Sports
Can American men's gymnastics team give a waning U.S. sport a boost in Paris?
Follow our Olympics coverage from the Paris Games.
When John Roethlisberger was an undergraduate at the University of Minnesota, he and his gymnastics teammates vanned to meets at Iowa, at Iowa State, at UW Oshkosh and Wisconsin. Every year, they’d fly to Michigan, where they’d compete against the Wolverines on a Friday night and head to Michigan State on a Sunday.
Of those teams, only Michigan continues to sponsor the sport today. This is not breaking news. The decline of men’s gymnastics has been both ongoing and relentless, a death-by-a-thousand-paper-cuts slashing that has pushed it to near extinction. Only 12 Division-I universities now sponsor men’s teams, none do at the D2 level and just three in D3. All of 319 men competed in NCAA gymnastics this past season.

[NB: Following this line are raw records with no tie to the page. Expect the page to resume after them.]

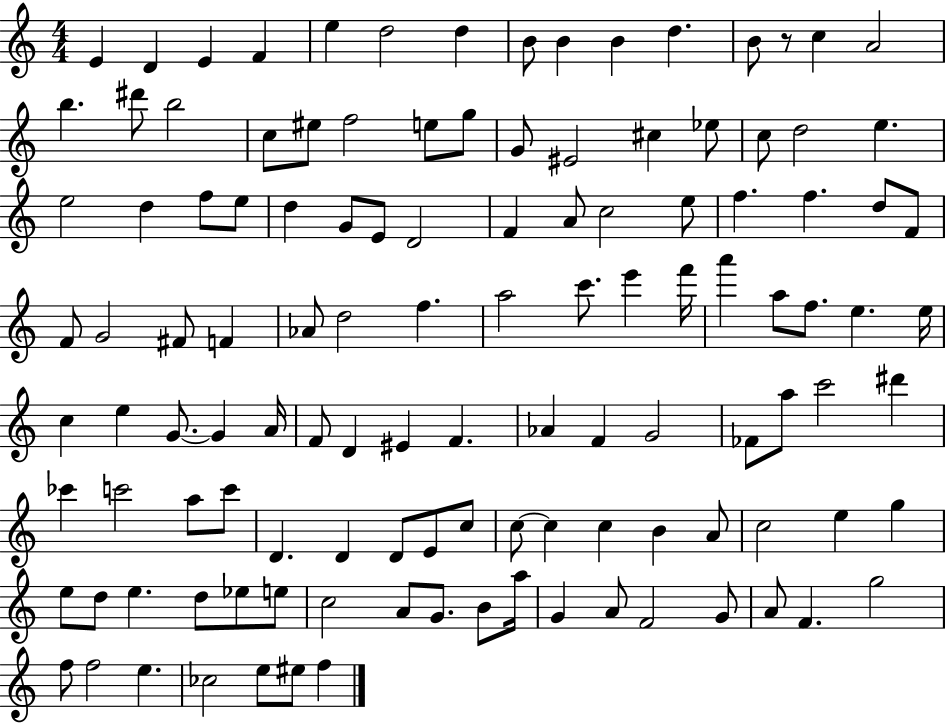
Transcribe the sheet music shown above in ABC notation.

X:1
T:Untitled
M:4/4
L:1/4
K:C
E D E F e d2 d B/2 B B d B/2 z/2 c A2 b ^d'/2 b2 c/2 ^e/2 f2 e/2 g/2 G/2 ^E2 ^c _e/2 c/2 d2 e e2 d f/2 e/2 d G/2 E/2 D2 F A/2 c2 e/2 f f d/2 F/2 F/2 G2 ^F/2 F _A/2 d2 f a2 c'/2 e' f'/4 a' a/2 f/2 e e/4 c e G/2 G A/4 F/2 D ^E F _A F G2 _F/2 a/2 c'2 ^d' _c' c'2 a/2 c'/2 D D D/2 E/2 c/2 c/2 c c B A/2 c2 e g e/2 d/2 e d/2 _e/2 e/2 c2 A/2 G/2 B/2 a/4 G A/2 F2 G/2 A/2 F g2 f/2 f2 e _c2 e/2 ^e/2 f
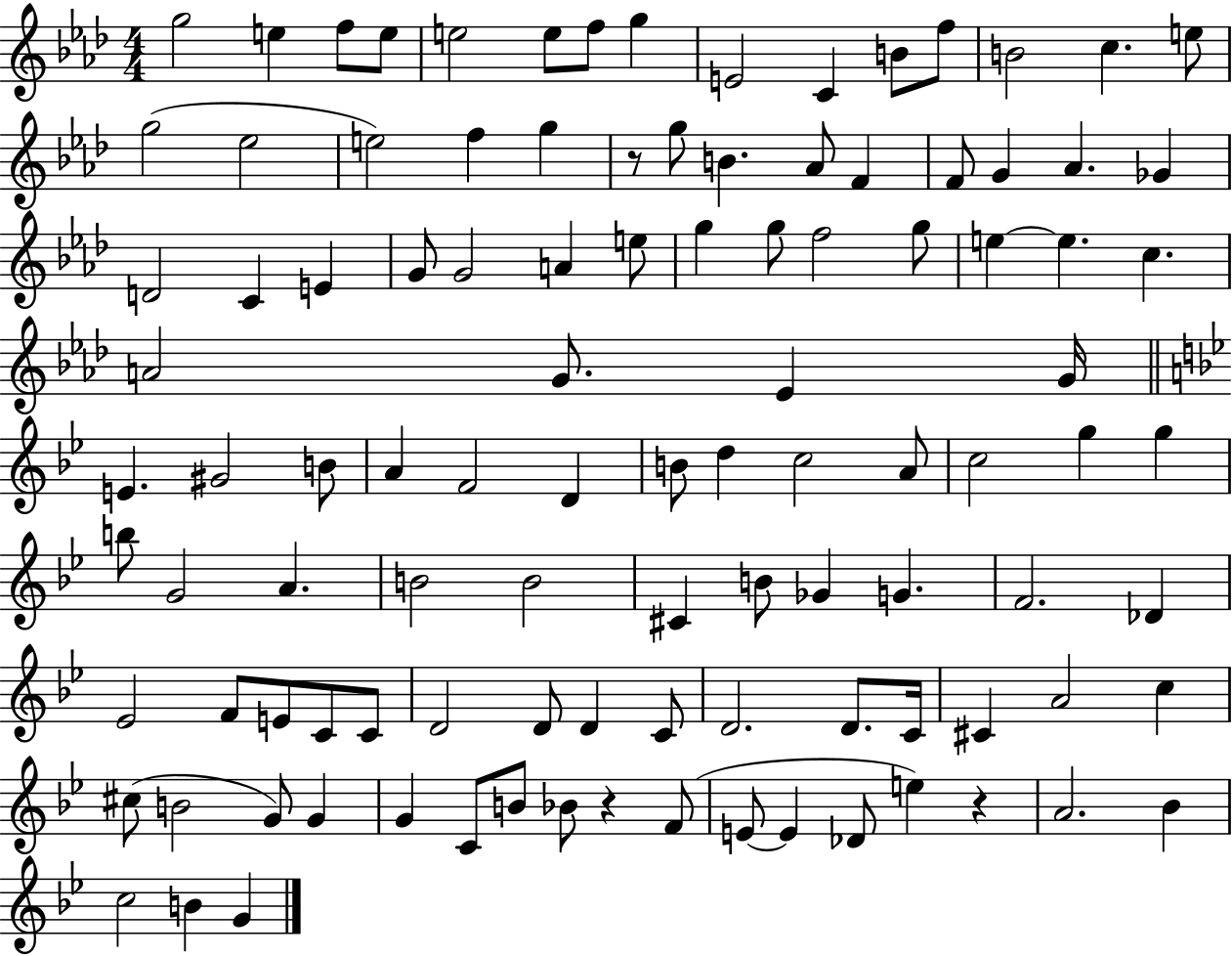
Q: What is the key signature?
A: AES major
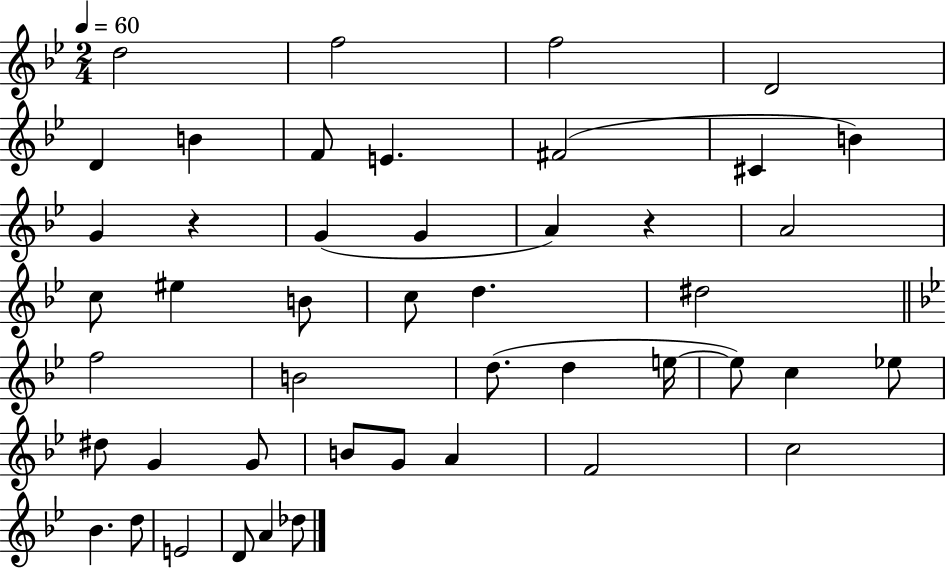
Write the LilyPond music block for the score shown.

{
  \clef treble
  \numericTimeSignature
  \time 2/4
  \key bes \major
  \tempo 4 = 60
  d''2 | f''2 | f''2 | d'2 | \break d'4 b'4 | f'8 e'4. | fis'2( | cis'4 b'4) | \break g'4 r4 | g'4( g'4 | a'4) r4 | a'2 | \break c''8 eis''4 b'8 | c''8 d''4. | dis''2 | \bar "||" \break \key bes \major f''2 | b'2 | d''8.( d''4 e''16~~ | e''8) c''4 ees''8 | \break dis''8 g'4 g'8 | b'8 g'8 a'4 | f'2 | c''2 | \break bes'4. d''8 | e'2 | d'8 a'4 des''8 | \bar "|."
}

The danger of real elimination, though, has never been more real than it is now. With payouts to athletes about to come due from a recent House settlement, athletic departments are looking to pinch pennies. Sport elimination remains a real threat and, with so few viable teams and athletes already, men’s gymnastics is ripe for the picking.
Yet the college system still serves as the direct feeder for international competition. In Paris, the United States is fielding its strongest men’s Olympics team in decades, with legitimate aspirations to make a team podium for the first time in 16 years. All five men headed to Paris come via the college route — Asher Hong and Frederick Richard remain in college, at Stanford and Michigan, respectively. Paul Juda wrapped up his eligibility with the Wolverines this year and Brody Malone with the Cardinal a year ago. Pommel horse specialist Stephen Nedoroscik lost his senior season at Penn State to COVID-19.

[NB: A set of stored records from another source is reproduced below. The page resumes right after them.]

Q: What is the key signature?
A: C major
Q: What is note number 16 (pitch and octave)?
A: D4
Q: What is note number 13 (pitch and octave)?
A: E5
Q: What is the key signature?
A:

USA Gymnastics desperately needs the college system. But can the USA gymnasts, with a successful run at Paris, help save college gymnastics?
“This team could do a lot. They are the tip of the spear,” says Roethlisberger, a three-time Olympian who remains outraged at his alma mater’s decision to eliminate gymnastics in 2020. “We have athletes who can absolutely win medals, but will they be the darlings of these Olympics? Probably not.
“We are on the precipice of catastrophic change in college sports. So who is going to stand up and say, ‘I’m going to show the world how this can actually work?’ Our athletes can do a lot, but they can’t do it alone.”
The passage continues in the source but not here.